Following the recent Supreme Court ruling against affirmative action policies in college admissions, activists have filed a complaint seeking to end legacy and donor admissions at Harvard, arguing it privileges white applicants, a claim that some say is without merit.

The complaint against Harvard has been filed by Lawyers for Civil Rights (LCR) on behalf of the African Community Economic Development of New England (ACEDONE), the Greater Boston Latino Network (GBLN), and the Chica Project. It was filed with the U.S. Department of Education’s (DOE) Office for Civil Rights (OCR) on Monday. Legacy admissions is the practice of giving preference to an applicant because the individual is related to an alumnus at a school.
The complaint (pdf) argues that Harvard grants “special preferences” in its admission policies to applicants whose relatives are wealthy donors to the institution or are alumni of the college.

“The students who receive these special preferences are significantly more likely to be accepted than other applicants, and constitute up to 15 percent of Harvard’s admitted students.”

Such students are “overwhelmingly white,” the lawsuit stated. “For the period 2014-2019, nearly 70 percent of the students admitted with Donor and Legacy Preferences were white.”

The case argues that Donor and Legacy Preferences “disproportionately advantage” white applicants and thus “systematically disadvantage” students of color, including Black, LatinX, and Asian Americans.

Some people point out that the claim of legacy admissions disproportionately benefiting white applicants is not true. Such criticism “lacks merit,” Trey Tepichin, an entrepreneur, said in a July 3 tweet.

“Though some legacy admissions are unmeritorious, these are outliers. Most legacy students have stellar academics. Their family ties are just an added bonus.”

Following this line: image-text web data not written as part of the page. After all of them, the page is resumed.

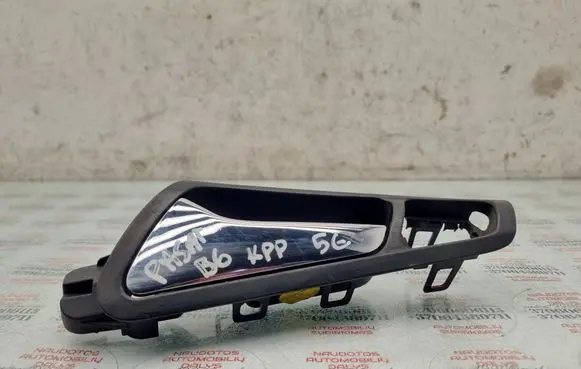 Volkswagen PASSAT B6 Front door interior handle 3C1837113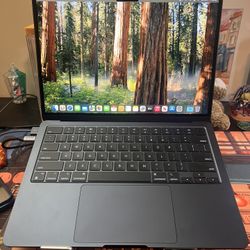 Apple 13” MacBook Air M2 500GB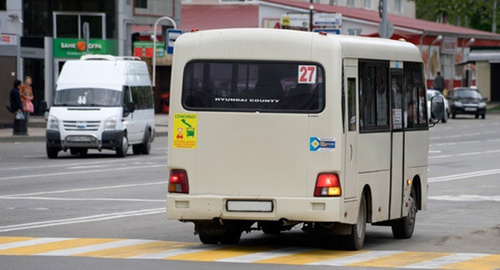 Автобус на улице Краснодара. Фото Виктории Перевязко, «Кубань 24», http://kuban24.tv/item/v-krasnodare-stoimost-proezda-v-marshrutkah-vyirastet-na-rubl-138746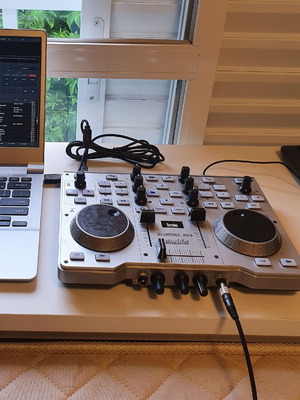 Hercules DJ Console Mk-4 new portable DJ controller with built-in audio interface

“This is borne out by the admissions data showing that legacy admissions notwithstanding, admitted whites still have higher academic credentials in the aggregate than all other racial groups save for Asians,” he said.

Violation of Civil Rights Act

According to the lawsuit, Donor and Legacy Preferences are not justified by any educational necessity because “Harvard cannot show that the use of these preferences is necessary to achieve any important educational goal.”

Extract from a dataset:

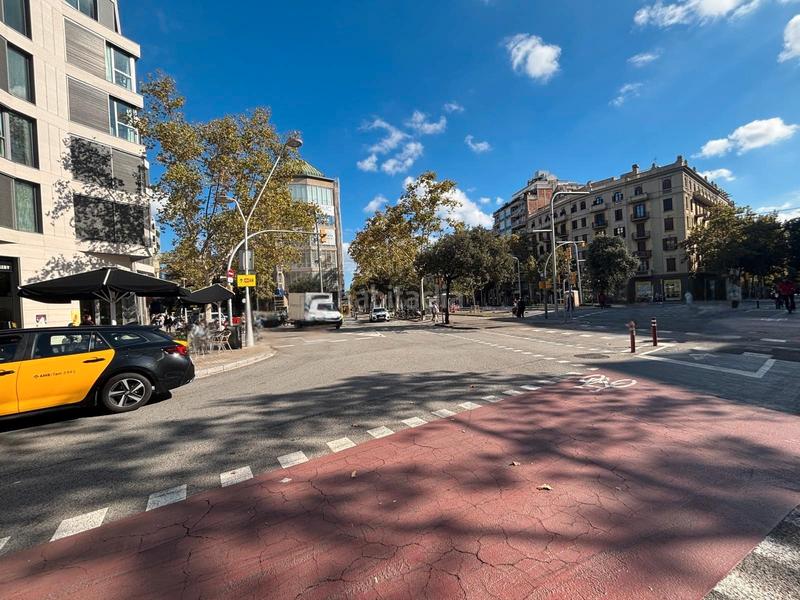 Foto 908900db-debd-41d9-96a1-23c0d3f52626. Appartement dans Dreta de l´Eixample Barcelona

Such preferential treatment “violates federal law,” since Harvard receives “substantial federal funds” and, as such, is bound by Title VI of the 1964 Civil Rights Act that prohibits practices having an “unjustified disparate impact” on a racial basis.

The lawsuit pointed out that since Harvard only admits a certain number of students annually, a spot given under Donor and Legacy Preferences is a spot that becomes unavailable to “an applicant who meets the admissions criteria based purely on his or her own merit.”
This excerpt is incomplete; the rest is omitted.